*** Opening of EXCERPTED RECORDS ***
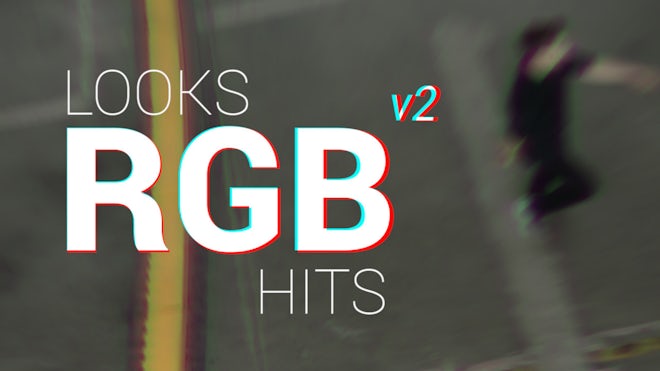 RGB Looks & Hits V2
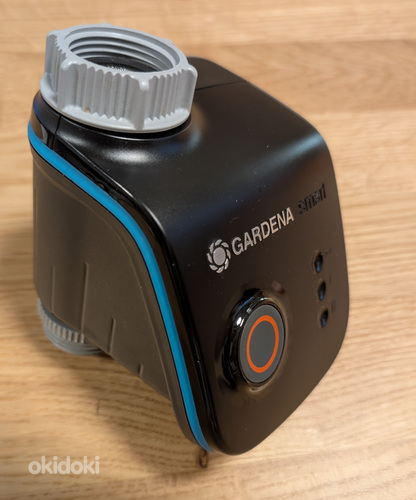Gardena Smart kastmiskompuuter Wifi (mudel 19031-20)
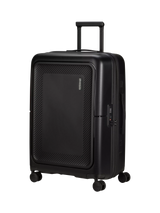 John Lewis American Tourister DashPop 4-Wheel Spinner 67cm Expandable Medium Suitcase- Buy online at McGrocer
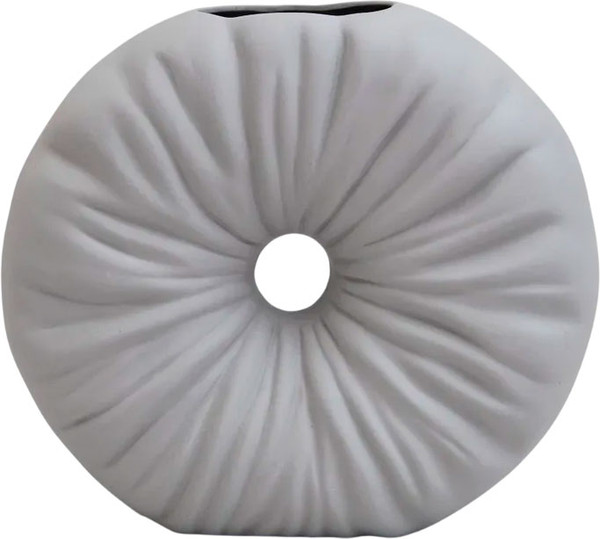 Изображение товара Ваза Mandarin Decor Бруно FS151080-18.8G (серый)
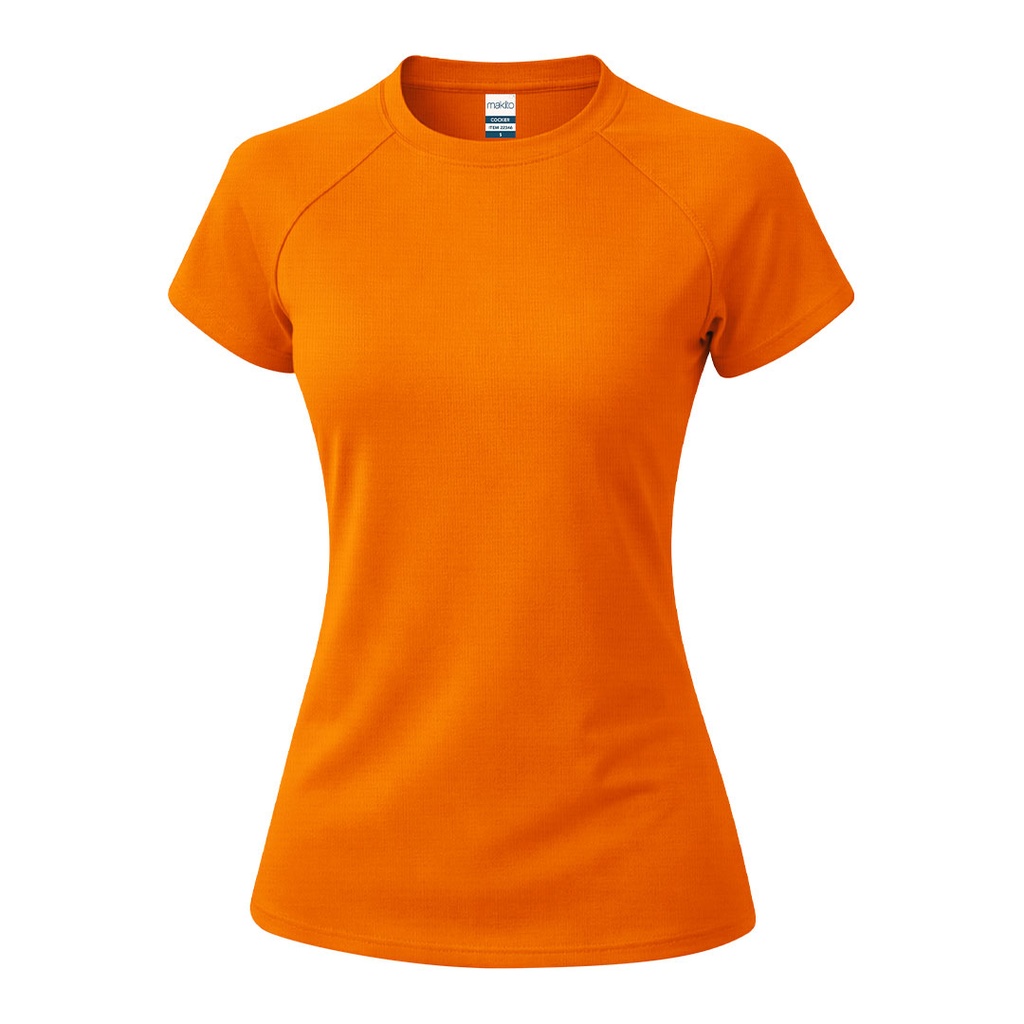 Camiseta Mujer Cocker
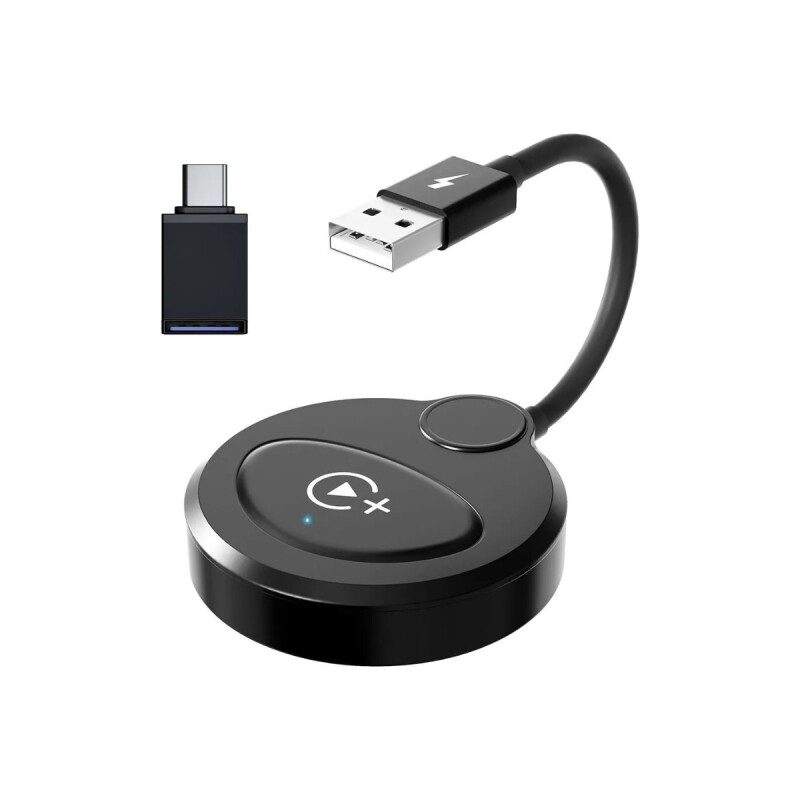 Adaptador Inalambrico Carplay Adaptador Inalambrico Carplay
*** Close of EXCERPTED RECORDS ***
▶ [YOUR INSTRUCTIONS] Please reproduce the entries from above exactly; images are not part of the copy.

▶ [ANSWER TO THIS EXERCISE]
 RGB Looks & Hits V2
Gardena Smart kastmiskompuuter Wifi (mudel 19031-20)
 John Lewis American Tourister DashPop 4-Wheel Spinner 67cm Expandable Medium Suitcase- Buy online at McGrocer
 Изображение товара Ваза Mandarin Decor Бруно FS151080-18.8G (серый)
 Camiseta Mujer Cocker
 Adaptador Inalambrico Carplay Adaptador Inalambrico Carplay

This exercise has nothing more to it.